Interestingly, though I knew John was in the ‘fillums’, I did not really make the connection. In fact, I had not seen one of his films. These were the days before video. Though there was a day when we were all invited to be part of the background during a staged fox hunt. A time or two Huston’s children, Tony and Anjelica, were brought over to play with my cousins and myself. All I remember us doing was jumping off stacked bales into the loose hay in the barn. Anjelica got her hair caught and tangled and was not best pleased.
After a formal dinner one night, a number of the guests including John set up for a game of serious poker in the drawing room. John beckoned me and said in that confidential voice, Lad, could you do me a favour and bring me a small basket.
I went into the dining room and liberated a bread basket. I brought it back. Will this do, John?
He took it with due solemnity and said, That’s perfect.
One of the other players asked, What’s the basket for, John?
John took a puff of his cigar and beamed around the table. Why, to put my winnings in of course.
Films for me were like carnival rides. Enjoyable and addictive. But they weren’t serious like books were. There was the occasional exception. I remember me and my father being stunned at seeing LAWRENCE OF ARABIA. But I did not know anything of John’s work until I went on to public school. The weekly film show in the school theatre began to give me an education. Between over many viewings of REACH FOR THE SKY and THE DAMBUSTERS other films slipped through. Buster Keaton’s THE GENERAL had me face down in the aisle, gasping for air in hysterics. And then THE AFRICAN QUEEN. THE MALTESE FALCON. It was with a genuine sense of shock that I saw John’s name stamped on the credits.
Slowly it dawned on me that these pictures were written. To me writing came to a point of resolution on the page. The pages of a book were the ultimate goal and destiny. But I was beginning to understand that what was presented on the screen had to be written too. I knew nothing of how to go about it. I had not the least notion of what a screenplay looked like.
When I went up to university I began to haunt the art house screenings. I was overwhelmed by Eisenstein with his striking compositions. IVAN THE TERRIBLE, ALEXANDER NEVSKY. I fell in love with the school of montage. It was later that I came to appreciate Murnau and the moving camera. I made attempts to educate myself. I rewrote a Salinger short story as a script. It was a straight transfer and the only thing I gained from it was a deeper appreciation of Salinger’s dialogue.

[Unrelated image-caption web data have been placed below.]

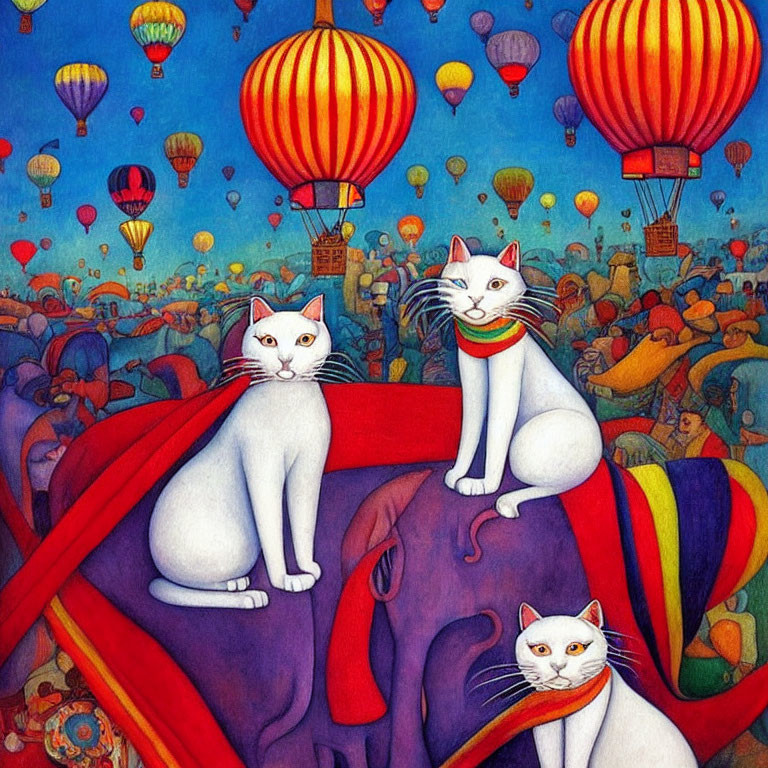 Three White Cats on Colorful Hot Air Balloon Basket with Sky Full of Balloons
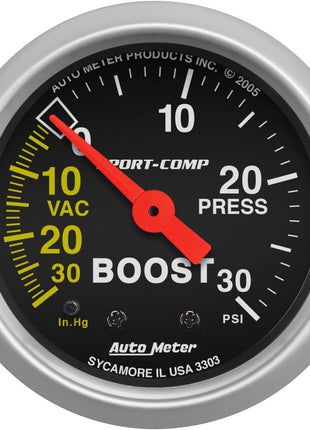 Auto Meter 3303 Sport-Comp Mechanical Boost/Vacuum Gauge,2.3125 in.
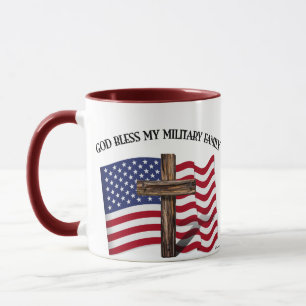 Taza DIOS BENDIGA A MI FAMILIA MILITAR cruz robusta, ba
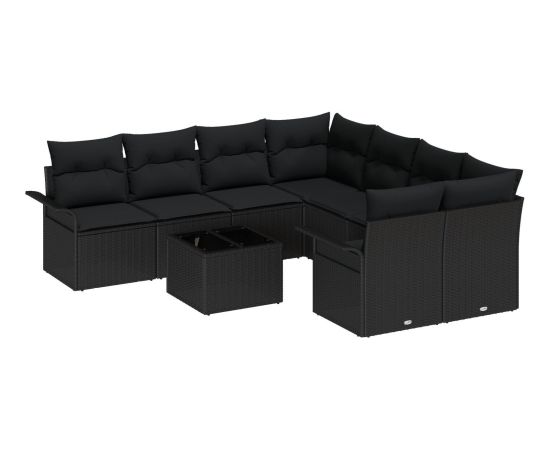 vidaXL Zestaw 9-częściowy sof ogrodowych z poduszkami Czarny Polirattan Dārza mēbeļu komplekti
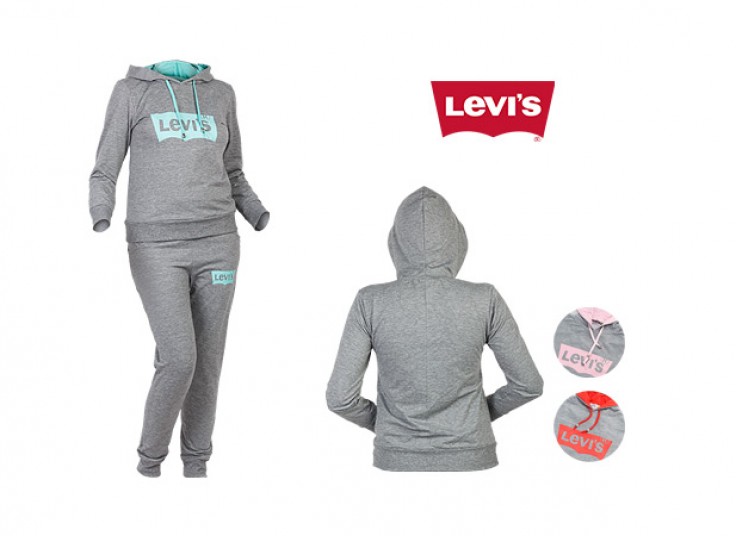 ست سویشرت کلاه دار و شلوار طرح levis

Many years later in Los Angeles, I found myself playing squash with Salinger’s son Matthew. During the preliminary warm up, I asked him if he would mind answering a question about his reclusive father. He indicated to go ahead.
"I just want to know if he’s still writing," I said.
Matthew returned the ball to me. Yes,
he said. He’s still writing.
There was a pause and he continued. Of course, whether any of it will see the light of day is another matter entirely.
I wrote another adaptation. This one was effectively a silent movie. It had almost no dialogue. It was a Steinbeck story about a man on the run in desert country. I learned a little more from writing that one. I was not the only person to respond to the story. I discovered that some time afterwards when the writer Barnaby Conrad told me of his attempts to get a short movie made of the story. He at least got Steinbeck’s permission.
These were five finger exercises that would never lift off the page. I needed to make a film of some kind no matter how small. But I had no access to camera equipment or any knowledge of how to go about things. The only person who seemed to have any interest in the subject had the rooms next to mine. We shared a tutor of Anglo Saxon – Christopher Tolkien, son of the great J.R.R. – and a common short cut to the back garden of the Turf Tavern. But James was the son of the director Basil Dearden and had a head start, being destined for the family business.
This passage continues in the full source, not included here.